GH : Le recours à la planche à billet est-il dangereux, comme le soulignent certains économistes ?

FM : C’est évident que le recours au financement monétaire est une catastrophe. Lorsqu’on n’arrive pas à mobiliser les recettes publiques, face à des multiples besoins contraignants de l’Etat, la tentation est forte d’inonder le marché de la monnaie que l’on peut frapper soit même, l’offre de la monnaie locale explose, alors que la monnaie étrangère se raréfie, forcément le taux de change est en faveur de la monnaie qui se raréfie et la valeur du Franc Congolais se déprécie. Le remède est dans la relance de la production locale, dans l’augmentation des exportations et dans la réduction des importations inutiles des biens de consommation de masse que l’on peut produire localement et notre engagement progressif dans la construction du développement endogène.

GH : Le fait que les finances publiques soient au rouge est dû uniquement à la pandémie de Covid ou est-ce qu’il y a encore d’autres facteurs endogènes qui gangrènent les finances publiques de la RDC ?

FM : La Covid-19 est venue trouver le pays dans la boue de la gestion désastreuse du programme de 100 jours du Chef de l’Etat.
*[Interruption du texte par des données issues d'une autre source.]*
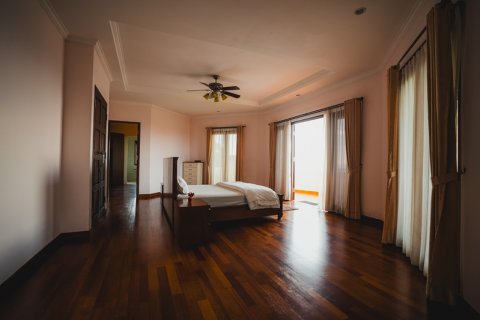 Вилла с 4 спальнями в Джимбаран, Бадунг,  (9339) 4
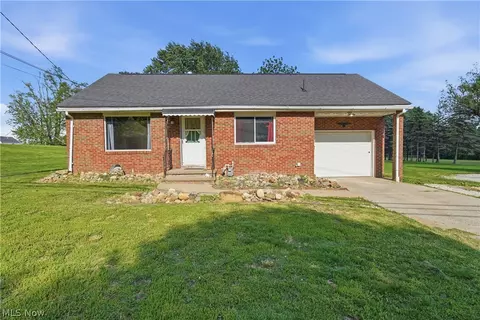 942 32nd St NW, Massillon, OH 44647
Dans ses différents rapports, l’ODEP a toujours dénoncé le dysfonctionnement quasi structurel de la gestion de nos finances publiques notamment la non exhaustivité des budgets, le manque de réalisme, l’irrationalité des dépenses, une budgétisation non fondée sur les politiques publiques, une budgétisation non fondée sur la lutte contre la pauvreté… il faut en outre noter :

  • Le non-respect de la procédure d’encaissement et de décaissement des fonds, selon les chaînes des recettes et des dépenses ;
  • Le dépassement des allocations budgétaires des institutions et ministères de souveraineté, au détriment des ministères à caractère social et économique ;
  • Le volume trop élevé des régimes fiscaux spéciaux (exonérations, taux particuliers, exemptions, etc.) appliqués aux personnes physiques et morales ; ce qui influe négativement sur le niveau de mobilisation des recettes publiques ;
  • Le déficit de suivi et de contrôle par le Parlement, l’Inspection Générale des Finances et la Cour des Comptes, dans l’exécution du budget ;
  • La disparité entre les données de la DGRC et les états de suivi budgétaire produits et publiés par le Ministre du Budget.

GH : Comment qualifieriez-vous le système de gestion actuelle. Se basant sur les règles en matière de finances publiques, l’ODEP peut-il dire que la RDC est un bon élève en termes de bonne gouvernance ?

FM : La RDC reste un très mauvais élève en termes de bonne gouvernance. Outre les remarques que je viens de faire sur la précédente question, on ne tire même pas les leçons des erreurs à peine commises avec la gabegie financière dans la gestion du programme de 100 jours, sanctionné par des lourdes condamnations judiciaires. Le programme multisectoriel de riposte contre la Covid, est lancé et géré en violation des lois relatives aux finances publiques, c’est-à-dire sans le quitus du parlement. Quelles seront les conséquences ? Comment ces récidivistes vont-ils se défendre demain face à la clameur publique et face à la communauté internationale !!!

GH : Est-il possible pour l’économie Congolaise d’atteindre la résilience ? Si oui comment ? Si c’est non, pourquoi ?

FM : Trop des préalables sont loin d’être réunis comme je viens de le dire en réponse aux questions précédentes. Si on y ajoute la médiocrité ambiante, le manque de culture politique et démocratique des dirigeants de tous bords, le manque d’amour pour le Congo et pour les congolais, leur course effrénée au pouvoir pour le pouvoir et à l’enrichissement personnel, atteindre la résilience pour notre économie relève de l’utopie.